Journal — 2026-02-28 Session 8

The llama Fleet

Today we went from one llama-server to four. The 4B Claude Opus Distill model is the sweet spot for GPUs with limited VRAM — small enough to fit entirely in GPU memory, fast enough to be genuinely useful.

The RTX 3080 at 128 t/s is incredible. That's faster than most cloud APIs. The GTX 1070 at 39 t/s surprised me too — an 8-year-old GPU still pulling its weight with Vulkan. Even the M1 Pro headless server at 35 t/s is respectable.

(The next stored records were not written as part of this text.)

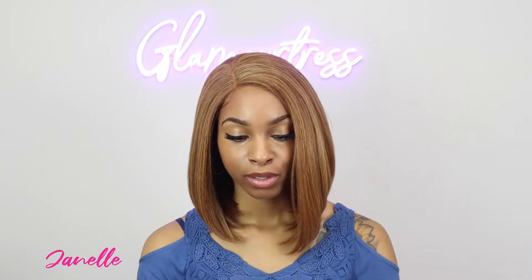Hi everybody. Welcome back to another wig review. My name is Janelle and you are watching Glamourtress Official. Today I have another one of these Zuri Sis Naturally Star Thin Top Laid Flat Style Units. This is the style Nat FT Lace H Rich in the color golden brown.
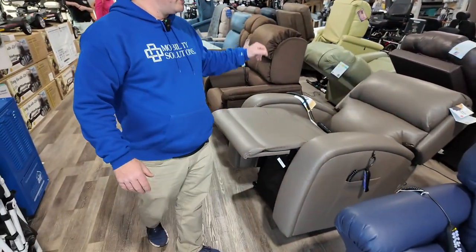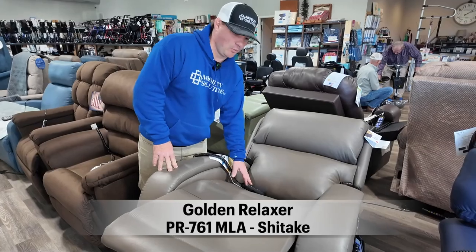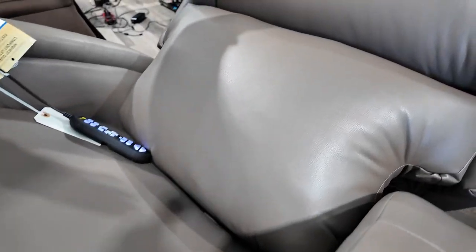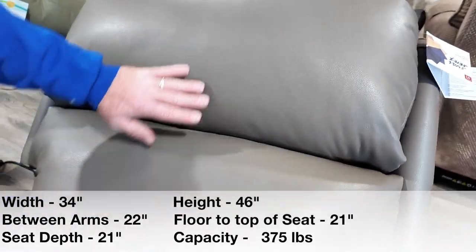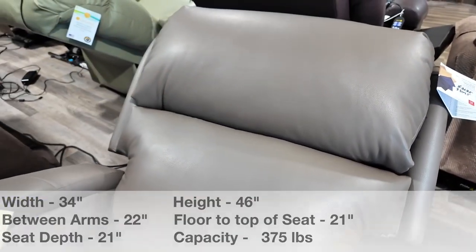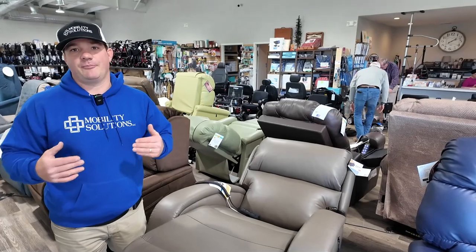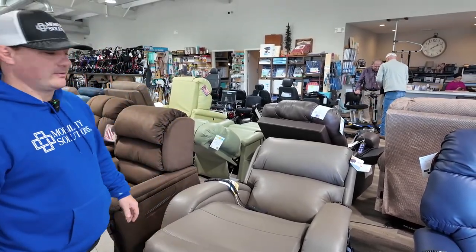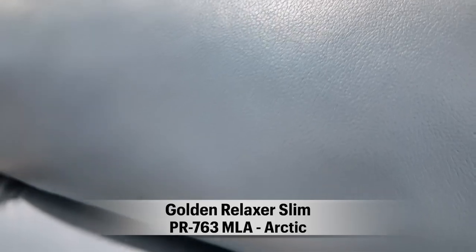Right beside it is another Twilight technology chair — the PR761 in Shiitake Brisa with Twilight technology. The difference between the two chairs is really just the look: it doesn't have the biscuit back like the other chair, it's more of a seam line back. You do have the lumbar, the power pillow, and the Twilight technology, but this one doesn't have the overstuffed arm. So if you're not using the lift mechanism to get up, it's a little easier to push yourself up. There's also a new Arctic Brisa available in the slim easy sleeper slim chair.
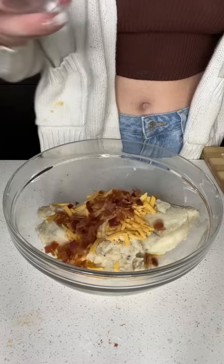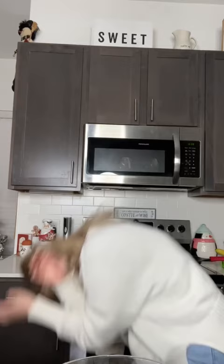To my leftover mashed potatoes, I added cheddar, bacon, chives, garlic powder, salt, and pepper. I gave that all a good mix and sneezed my brains out because the pepper was so strong in the air.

The interesting architectural insight: speed on GPU is about active parameters and VRAM fit, not raw FLOPS. The M1 Max running 27B Q8 at 10 t/s vs 4B Q8 at ~35 t/s on M1 Pro shows this clearly — unified memory is great for fitting big models but can't match dedicated VRAM for small ones.

scorpiox-frp Bug

Found a real bug — scorpiox-frp does yamux handshake and login perfectly, but never sends the NewProxy message to register the TCP tunnel. Classic "works up to the last step" bug. Filed it to clang agent.

aria2 > curl

Installing aria2 as a daemon on the MacBook was a game changer. 16 connections = 25-30 MB/s vs curl's 6 MB/s. Model downloads in 10 min instead of 90 min. Should install this on every machine.